As explained in greater detail supra, the transmission investment underpinning transmission rates in New England falls into two broad categories—reliability projects and asset condition projects. While costs for both types of investment are recovered from all New England customers through regional rates, only reliability projects are subject to oversight through a robust regional planning process that considers whether the investment is necessary and cost-effective.[15] No such requirement exists for asset condition projects. Yet, asset condition projects comprise more than half of the nearly $12 billion of projects placed in service since 2016 and, looking ahead, account for the vast majority of the nearly $6 billion in planned projects in the region.[16] As of March 2026, over $6.5 billion of asset condition projects have been placed in service since 2016, compared to $5.3 billion in RSP projects.[17] Looking ahead, there are $5.5 billion of asset condition projects planned, proposed or under construction compared to $281 million in RSP projects.[18] As the Complaint points out, projects that the NETOs label as “asset condition projects” often include more than simply replacing damaged or destroyed infrastructure and often include replacing healthy structures to provide other upgrades to the transmission system.[19] For this reason, many of New England’s transmission projects are not part of the regional planning process and thus lack the same level of oversight. New England customers pay some of the highest transmission rates in the nation,[20] and a substantial and increasing factor in those high rates are the costs of asset condition projects.
As the Commission is aware, the New England states have limited authority to review asset condition projects and thereby fill the gap created by a lack of regional planning and oversight.[21] In New England, all six states have transmission siting laws that apply to new transmission lines over a certain voltage level.[22] However, the review of siting of existing transmission lines where they are replaced with in-kind assets is the exception, not the rule. With limited exceptions in two states, all other existing transmission lines in New England can undergo asset replacement or refurbishment without state siting approval and without scrutiny by ISO-NE.[23],[24] Even if, hypothetically, each state siting authority could review asset condition projects funded through regional rates, that review would come late in the project development process and risk disruption or delay of projects needed for reliable system operations. It would also be overly burdensome and inefficient—all other states would need to intervene as litigants in each other’s siting proceedings to endeavor to influence the development of a regionally funded project. Thus, New England has a critical need for a robust regional process to review asset condition project proposals early in the project development cycle that cannot be accomplished through state siting procedures.
B. Eversource’s X-178 Project Exemplifies the Problems with the Region’s Lack of Oversight of Asset Condition Projects.

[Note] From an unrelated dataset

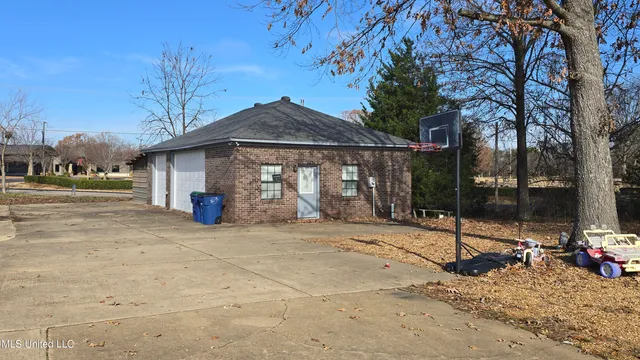 $589,000 | 5900 Paloma Drive, Olive Branch, MS 38654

The X-178 project is a prime example of the wholly inadequate regional process that currently exists for transmission spending in New England. The record before the Commission clearly shows that the X-178 project was not driven by asset condition needs, which were only incidental to the project. Rather, Eversource’s initial presentation made clear that an interest in installing additional communications-based infrastructure—specifically, Eversource’s interest in installing optical ground wire (“OPGW”) on the line—was the real driver of the project.[25] In this initial presentation, Eversource proposed to fully rebuild the X-178 line for an estimated cost of $384.61 million although only 41 of the 580 structures (7 percent) were actually deteriorated.[26] Eversource presented two alternatives that it considered, neither of which included replacing only the structures that were damaged and destroyed.[27] Rather, Eversource contemplated either replacing the entire line (which was its chosen solution) or “only” replacing 287 structures that would need to be replaced to accommodate the OPGW.[28] The driver of the X-178 project, thus, was clearly not asset condition needs. If the driver was truly asset condition needs, the decision to replace a whole line when only 7 percent of structures required replacement or repair would have been grossly imprudent. The driver of the project was to provide systemwide needs as part of Eversource’s long-term plan to provide reliability in the region.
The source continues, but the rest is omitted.